# 1.5 Headset and Stem Choices



## Karve (Mar 31, 2006)

Hi there

Seems to be a gradual movement towards 1.5 frames and forks with all the major manufacturer offering them up.. but there doesn't seem to be that many 1.5 headsets out there and even fewer stems

What are peoples recommendations for a strong but light weight set up for both. id like he headset to have nice deep inserts as well.. over 20mm 

Any help appreciated


----------



## Rb (Feb 28, 2007)

Chris King.


----------



## XSL_WiLL (Nov 2, 2004)

Second the King headset.

For the stem... SIC makes a pretty nice 1.5 stem.


----------



## 08nwsula (Oct 19, 2005)

just make your own headset out of a beer can, works great


----------



## tacubaya (Jan 27, 2006)

FSA Orbit Extreme Pro 1.5 and Thomson X4


----------



## Karupshun (Jun 13, 2006)

I thought King was excessive until I got one. Then I got one and understand

King headset

I like these for stems, but it's all a personal thing


----------



## AKRida (Feb 26, 2004)

he was asking about 1.5 headset and stem choices, last i checked Chris King didn't make anything for 1.5 headtube sizes yet, unless they started recently 

i'll second the FSA Orbit Xtreme 1.5.


----------



## Karupshun (Jun 13, 2006)

AKRida said:


> he was asking about 1.5 headset and stem choices, last i checked Chris King didn't make anything for 1.5 headtube sizes yet, unless they started recently
> 
> i'll second the FSA Orbit Xtreme 1.5.


They started recently

Check more often


----------



## XSL_WiLL (Nov 2, 2004)

Started seeing them around not too long ago, they've been talking about it for like a year now though.


----------



## Evil Sylvain (Oct 5, 2005)

Sunline makes a nice stem that comes in 1.5 (50mm or 65mm):

https://www.sixsixone.com/Products_SunlineCycling.aspx


----------



## Uncle Cliffy (Jul 7, 2006)

If I had a 1.5 fork, this is the only stem I would consider:


----------



## rustyskills (Dec 23, 2007)

I'd go with king and the sunline 

I have a sunline stem and i love it and kings are tried and true


----------



## Whafe (May 27, 2004)

I have a CK 1.5 HS and a Sunline stem as mentioned above.
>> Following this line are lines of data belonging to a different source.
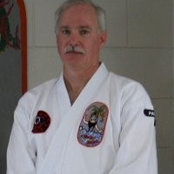 Wayne Wayland's photo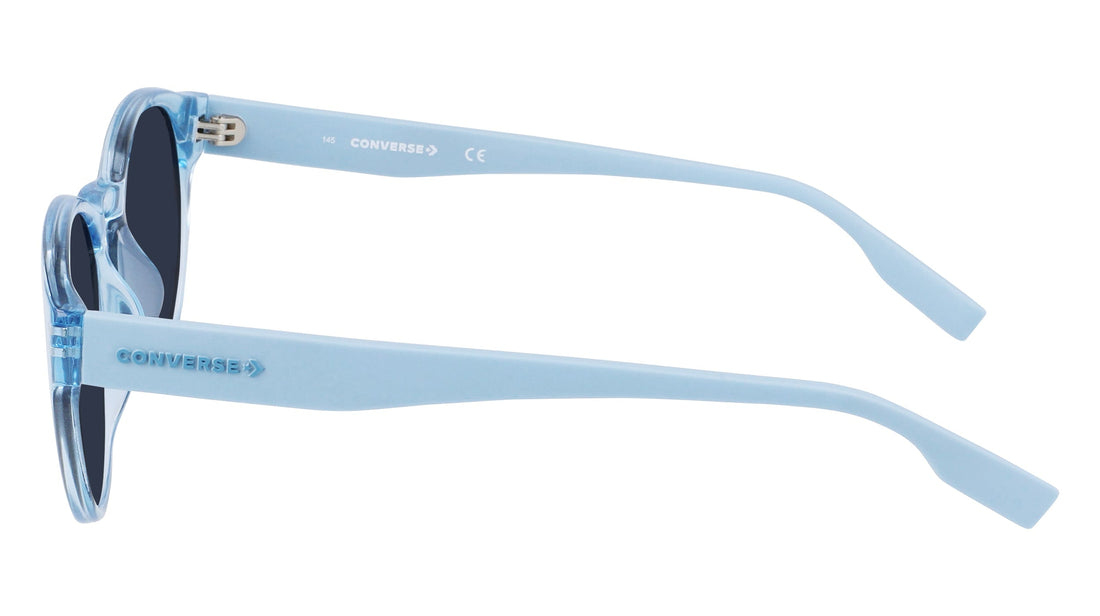 Translation missing: es.seo.product.type.gafas-de-sol converse cv509s malden 450 masculino talla 51mm - Translation missing: es.seo.product.alt.imagen-secundaria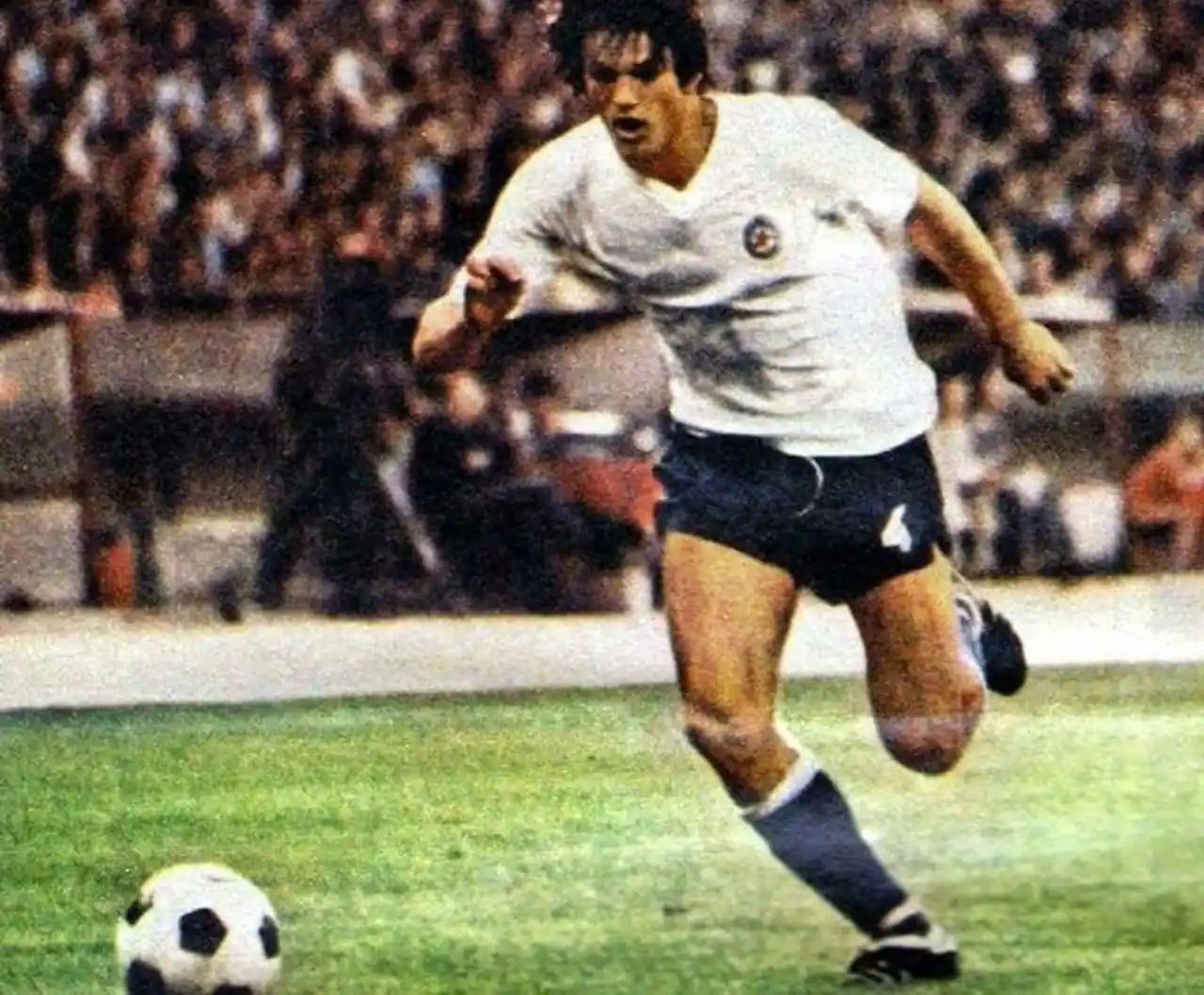 Ivan Gudelj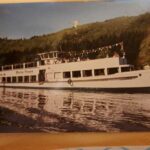 Exclusive Christmas cruise with Christmas Eve buffet - Final Thoughts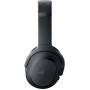 Ігрова гарнітура Razer Barracuda Black (RZ04-03790100-R3M1)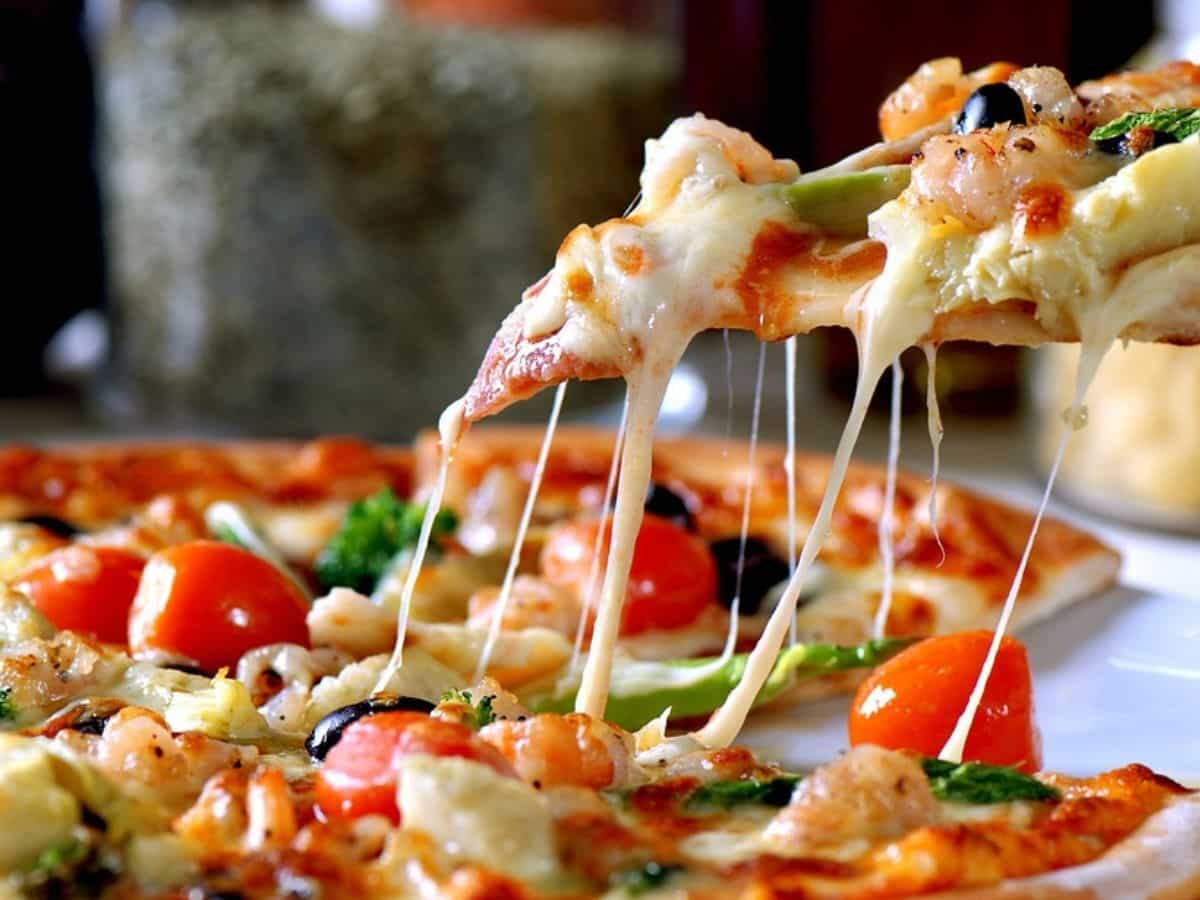 Jubilant Foodworks Q2 net profit drops 32% YoY, but revenue surges by 43%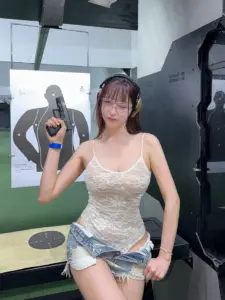 mimimie69 Mimi Jang ภาพโปรไฟล์ 22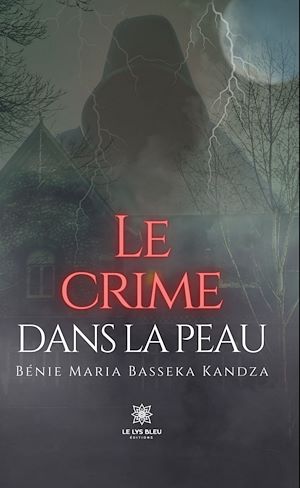 Download the eBook: Le crime dans la peau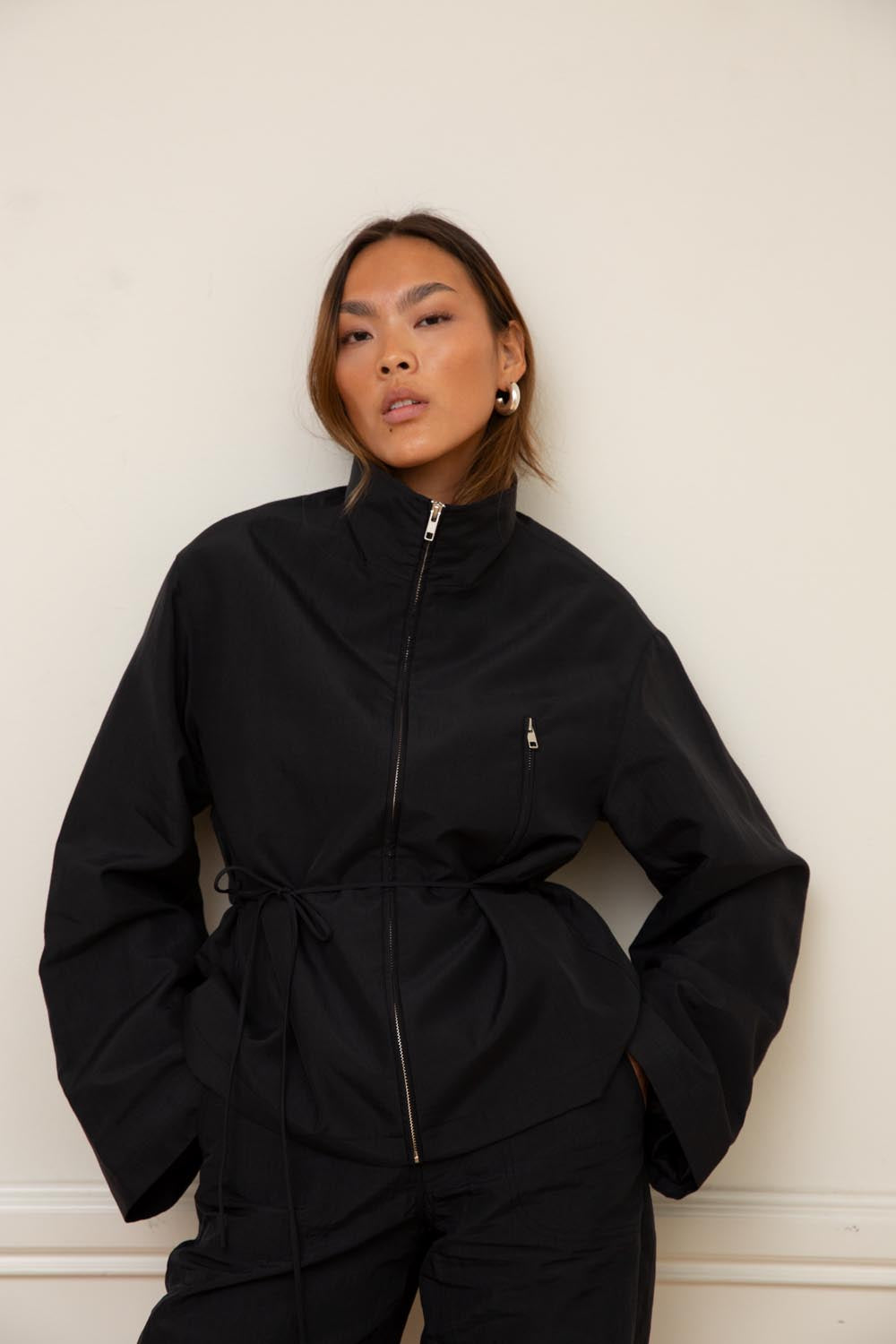 Mia Jacket
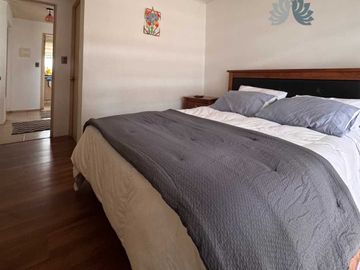 Casa en venta en LOS ANGELES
Awesome stem, really happy with it, and I am a die hard Thomson peep... Uncle C, sweet stem, but its too short for an AM ride really, sweet for FR DH, I have one on one steed, it is sweet...

The OP is correct though, when you start looking, not many options out there really as yet.


----------



## CrustyOne (Oct 29, 2007)

1.5 headsets, Hope, da-bomb,sunline, fsa, others im sure.....there are choices out there, Got a hope myself


----------



## AndyBroke (Nov 20, 2007)

I use the syncros am onepointfive stem and the fsa big fat pig headset. Both is woring great so far.


----------



## coiler8 (Aug 25, 2006)

tacubaya said:


> FSA Orbit Extreme Pro 1.5 and Thomson X4


That is exactly what I run...it's great.


----------



## AKRida (Feb 26, 2004)

Karupshun said:


> They started recently
> 
> Check more often
> 
> oh rockin, let me retract my fsa orbit bid and change it to Chris King  i might have to look into one for myself! i see they rock a 1.5-1 1/8th conversion which is what i'm after lol.


----------



## Uncle Cliffy (Jul 7, 2006)

Whafe said:


> I have a CK 1.5 HS and a Sunline stem as mentioned above. Awesome stem, really happy with it, and I am a die hard Thomson peep... Uncle C, sweet stem, but its too short for an AM ride really, sweet for FR DH, I have one on one steed, it is sweet...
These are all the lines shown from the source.